The fight was eventually stopped in the fourth round when the best lightweight in the world forced McGregor to tap out via a rear-naked choke. In most fights, that’s it. A winner is declared and belts are either retained or relinquished. Not this time.

 

Khabib had to be pushed off a spent McGregor and restrained by referee Herb Dean. The fight wasn’t over.

 

The 27-0 champion then responded to a nasty barrage of verbal taunting from McGregor’s corner. Before a robust security detail could scramble into place, Khabib threw his mouthpiece and within seconds hurdled the top of the Octagon. McGregor’s good friend and jiu-jitsu coach, Dillon Danis was in the cross hairs of a shouting match and flying front kick.

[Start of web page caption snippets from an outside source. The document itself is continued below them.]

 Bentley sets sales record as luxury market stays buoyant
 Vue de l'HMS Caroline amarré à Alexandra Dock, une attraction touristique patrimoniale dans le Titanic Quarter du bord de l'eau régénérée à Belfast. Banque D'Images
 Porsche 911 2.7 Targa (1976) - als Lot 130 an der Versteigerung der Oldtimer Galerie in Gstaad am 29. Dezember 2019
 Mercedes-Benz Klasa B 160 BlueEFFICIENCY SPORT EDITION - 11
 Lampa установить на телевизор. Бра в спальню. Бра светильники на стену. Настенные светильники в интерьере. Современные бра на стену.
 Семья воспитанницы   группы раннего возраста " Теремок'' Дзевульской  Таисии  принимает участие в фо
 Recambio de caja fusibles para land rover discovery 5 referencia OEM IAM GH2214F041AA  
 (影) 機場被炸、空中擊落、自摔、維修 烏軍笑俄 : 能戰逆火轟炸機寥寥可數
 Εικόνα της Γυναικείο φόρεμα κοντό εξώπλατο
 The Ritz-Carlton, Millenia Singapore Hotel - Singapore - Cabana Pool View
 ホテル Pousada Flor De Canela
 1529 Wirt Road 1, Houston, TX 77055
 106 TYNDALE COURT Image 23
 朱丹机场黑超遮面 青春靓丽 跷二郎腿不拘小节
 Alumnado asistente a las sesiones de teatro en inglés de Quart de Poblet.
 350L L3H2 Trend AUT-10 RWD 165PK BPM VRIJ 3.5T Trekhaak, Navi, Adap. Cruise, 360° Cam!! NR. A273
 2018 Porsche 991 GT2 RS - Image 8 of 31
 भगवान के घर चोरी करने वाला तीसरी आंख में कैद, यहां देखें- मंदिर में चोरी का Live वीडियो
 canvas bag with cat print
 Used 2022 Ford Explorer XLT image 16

There’s a famous line said by Prop Joe, a character from HBO’s acclaimed series, The Wire. “Every man gotta have a code.” For cage fighters, a code to compete, behave, and win or lose by is necessary to manage egos and prevent disruptions.

 

The fight game has a long history of bravado, both in and outside of the ring. Animosity sells tickets. Still, a fighter’s code is a thin, oft unidentified line of demarcation between gamesmanship and the path of diminishing returns.

 

In this case, the latter was mapped out by UFC’s head honcho Dana White’s complicit shoulder shrugs and smirks as McGregor hurled metal gates and insults leading up to this fight.

 

“This is some street (expletive), White said. “This isn’t sport.”

 

No, it wasn’t sport for Khabib to pop out into the audience, and jeopardize the health of fans while members of his corner went to work on McGregor in the ring.

 

But McGregor’s shtick of ethnic jokes, swipes at Khabib’s Dagestan roots, and even pejorative comments about the man’s family had little to do with sport either. This wasn’t business or promotion for a sport event. It was personal.

 

A still amped up Nurmagomedov appeared briefly in front of reporters after the fight show that drew more than 20,000 fans to T-Mobile Arena and apologized to the Nevada State Athletic Commission. But he explained why those McGregor comments were personal.

 

“This is respect sport,”  he said. “This is not a trash talking sport. I want to change this game. I don’t want people talk (expletive) about opponents, his father, religion. You cannot talk about religion, nation.”

 

 

He later posted on his Instagram page (translated from Russian), “This is certainly not what father taught me, but it was a matter of honor.”

 

For Nurmagomedov, religion and country are not smack — or “mean talk,” as UFC ringmaster White put it. We can’t pretend that making incendiary statements don’t have consequences. These words and type of behavior can prove deadly where he comes from. As Cormier put it in his tweet, “Diff culture man.”

 

But White didn’t see it that way after UFC 229. “I should feel a lot better right now than I do,” White said during the press conference in a media tent packed with sports reporters.

 

We can’t be incredulous when men paid to beat people up for a living resort to violence to settle disputes.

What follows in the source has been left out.